Rappelant que les prix des carburants à la pompe se décomposent en une partie fixe déterminée par les pouvoirs publics et une autre variable dépendant du marché international du pétrole raffiné et de la situation sur le marché de change, l’auteur a précisé que la composante fixe de ce prix contient deux éléments : la taxe intérieure à la consommation et les frais et marges de transport et de distribution qui constituent ensemble 38 % du coût de revient de l’essence, 26 % de celui du gasoil, et 4 % pour le fuel industriel.
La grande partie des prix à la pompe est donc formée du prix des produits raffinés à raison de 53 % pour l’essence, 65 % pour le gasoil, et 87 % pour le fuel industriel. La TVA, fixée à un taux réduit de 10 %, vient en deuxième position des composantes variables des prix à la pompe.
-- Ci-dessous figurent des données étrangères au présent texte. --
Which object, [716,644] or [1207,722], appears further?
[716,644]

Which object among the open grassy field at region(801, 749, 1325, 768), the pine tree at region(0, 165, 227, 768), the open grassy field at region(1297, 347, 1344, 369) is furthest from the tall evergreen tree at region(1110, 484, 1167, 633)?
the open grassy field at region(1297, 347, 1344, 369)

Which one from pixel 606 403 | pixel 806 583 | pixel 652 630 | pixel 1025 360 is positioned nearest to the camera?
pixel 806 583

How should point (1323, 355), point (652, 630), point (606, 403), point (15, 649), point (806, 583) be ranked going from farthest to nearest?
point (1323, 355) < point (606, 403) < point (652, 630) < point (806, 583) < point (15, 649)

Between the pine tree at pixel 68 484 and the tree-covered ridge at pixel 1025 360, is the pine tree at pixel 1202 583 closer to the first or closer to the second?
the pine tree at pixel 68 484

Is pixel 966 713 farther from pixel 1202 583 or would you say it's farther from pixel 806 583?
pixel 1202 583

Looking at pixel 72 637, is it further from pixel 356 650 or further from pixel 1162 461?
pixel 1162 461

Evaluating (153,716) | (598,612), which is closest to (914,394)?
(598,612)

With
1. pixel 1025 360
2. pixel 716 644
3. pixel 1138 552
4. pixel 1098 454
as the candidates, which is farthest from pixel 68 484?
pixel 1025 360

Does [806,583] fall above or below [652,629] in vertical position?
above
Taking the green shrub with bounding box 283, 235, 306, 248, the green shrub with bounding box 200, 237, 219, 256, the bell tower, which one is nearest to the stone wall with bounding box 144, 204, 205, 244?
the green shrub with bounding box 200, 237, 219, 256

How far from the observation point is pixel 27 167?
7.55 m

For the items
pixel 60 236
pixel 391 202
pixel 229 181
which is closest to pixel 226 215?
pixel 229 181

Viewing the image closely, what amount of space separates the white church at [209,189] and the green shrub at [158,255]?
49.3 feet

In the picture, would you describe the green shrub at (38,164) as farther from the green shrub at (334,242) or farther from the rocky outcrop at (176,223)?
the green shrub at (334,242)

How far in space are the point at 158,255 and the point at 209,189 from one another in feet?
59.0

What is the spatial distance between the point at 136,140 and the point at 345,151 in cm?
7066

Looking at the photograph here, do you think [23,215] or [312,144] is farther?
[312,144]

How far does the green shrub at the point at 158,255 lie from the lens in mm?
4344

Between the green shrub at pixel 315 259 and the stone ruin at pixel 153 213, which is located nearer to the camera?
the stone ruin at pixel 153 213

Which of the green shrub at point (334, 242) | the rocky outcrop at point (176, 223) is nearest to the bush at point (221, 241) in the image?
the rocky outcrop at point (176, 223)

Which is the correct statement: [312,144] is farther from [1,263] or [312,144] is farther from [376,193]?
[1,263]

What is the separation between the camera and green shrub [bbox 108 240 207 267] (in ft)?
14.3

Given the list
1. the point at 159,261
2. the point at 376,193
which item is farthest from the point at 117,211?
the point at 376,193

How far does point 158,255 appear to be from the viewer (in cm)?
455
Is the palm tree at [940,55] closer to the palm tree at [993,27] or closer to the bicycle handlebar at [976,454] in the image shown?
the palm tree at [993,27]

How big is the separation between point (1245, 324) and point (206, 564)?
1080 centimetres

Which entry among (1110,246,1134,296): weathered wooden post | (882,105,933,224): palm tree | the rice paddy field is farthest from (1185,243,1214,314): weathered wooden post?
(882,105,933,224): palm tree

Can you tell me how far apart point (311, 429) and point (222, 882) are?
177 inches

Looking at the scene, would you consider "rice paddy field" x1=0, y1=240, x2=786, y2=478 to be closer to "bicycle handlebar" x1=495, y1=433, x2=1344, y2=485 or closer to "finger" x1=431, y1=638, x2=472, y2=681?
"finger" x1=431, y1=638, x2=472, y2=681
Enfin, la subvention est aussi un élément variable dépendant des composantes précédentes et calibrée périodiquement afin de garantir des prix à la pompe prédéterminés.
Ainsi, le poids de la subvention des produits pétroliers dépend-il essentiellement des cotations du pétrole raffiné sur le marché de Rotterdam, qui réagit à son tour à l’évolution du prix  du pétrole brut et de la variation de la parité de change entre le dirham et le dollar.
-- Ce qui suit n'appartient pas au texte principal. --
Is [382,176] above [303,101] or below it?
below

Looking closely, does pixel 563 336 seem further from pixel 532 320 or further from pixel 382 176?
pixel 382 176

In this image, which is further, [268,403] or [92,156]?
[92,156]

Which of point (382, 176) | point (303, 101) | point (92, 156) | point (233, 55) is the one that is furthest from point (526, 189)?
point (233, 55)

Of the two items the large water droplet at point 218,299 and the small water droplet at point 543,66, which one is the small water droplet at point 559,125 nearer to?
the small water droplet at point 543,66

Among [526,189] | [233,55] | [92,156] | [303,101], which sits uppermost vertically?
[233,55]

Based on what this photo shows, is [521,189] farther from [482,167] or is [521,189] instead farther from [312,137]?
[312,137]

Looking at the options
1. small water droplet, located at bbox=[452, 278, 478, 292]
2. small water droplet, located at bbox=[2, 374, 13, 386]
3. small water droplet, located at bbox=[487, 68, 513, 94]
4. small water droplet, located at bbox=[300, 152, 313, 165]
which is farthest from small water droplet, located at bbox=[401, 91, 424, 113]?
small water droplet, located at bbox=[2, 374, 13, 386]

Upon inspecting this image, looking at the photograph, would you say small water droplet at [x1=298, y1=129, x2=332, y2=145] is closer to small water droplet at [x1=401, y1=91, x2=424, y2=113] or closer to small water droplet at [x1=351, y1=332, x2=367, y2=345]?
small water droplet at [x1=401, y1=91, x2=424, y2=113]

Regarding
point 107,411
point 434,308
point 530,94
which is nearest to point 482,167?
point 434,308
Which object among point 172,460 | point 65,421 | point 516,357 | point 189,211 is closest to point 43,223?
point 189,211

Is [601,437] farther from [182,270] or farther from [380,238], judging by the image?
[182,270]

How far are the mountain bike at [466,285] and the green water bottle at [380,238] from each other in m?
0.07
Si ce système de subvention présente l’avantage de lisser la volatilité des cours du pétrole raffiné coté sur le marché international et de maintenir à un certain niveau le pouvoir d’achat des ménages, il a en revanche des effets pervers qui le rendent insoutenable à moyen et long termes. En outre, le système de subvention tel qu’il est mis en place au Maroc est régressif et profite, entre autres, à nombre d’opérateurs, qui bénéficient des prix subventionnés sans pour autant contribuer aux recettes fiscales.
Dans ce contexte, une réforme générale du système s’avère urgente afin d’ancrer les bonnes anticipations sur l’évolution future des prix des produits pétroliers et ceux des biens et services qui les utilisent comme consommation intermédiaire, d’appréhender les mutations en cours aux niveaux des systèmes de consommation et de production à l’échelle internationale, et de rendre le système fiscal national plus redistributif.
Quelle politique de tarification des produits pétroliers faut-il donc adopter ? Celle que le gouvernement Benkirane veut imposer au forceps ou une autre, économiquement plus rentable et productive socialement ?
Entre une libéralisation totale des prix à la pompe en appliquant le principe de la « vérité des prix » d’une part, et une tarification fixée d’une manière ad hoc et imprévisible de l’autre, une position médiane semble la plus appropriée et la moins risquée dans le cas du Maroc. Elle consiste à déterminer les prix à la pompe à partir d’une règle de calcul simple et connue, intégrant les contraintes budgétaires de court terme des différents agents économiques (ménages, entreprises et administrations publiques) et tolérant une variation instantanée des prix que ce soit vers le haut ou le bas à l’intérieur d’une fourchette jugée acceptable.
Par ailleurs, le maintien des subventions en faveur des secteurs particuliers, producteurs de biens et services alternatifs (transports en commun, énergie renouvelable, etc.), ou jugés sensibles en termes d’emplois et de ressources en devises, pourrait s’avérer indispensable pour assurer une transition en douceur vers un modèle de croissance économe en ressources fossiles. Dans la même lignée, une politique d’accompagnement devrait être préalablement  mise en place au profit des ménages à bas et moyen revenus et pour ceux qui habitent les zones rurales.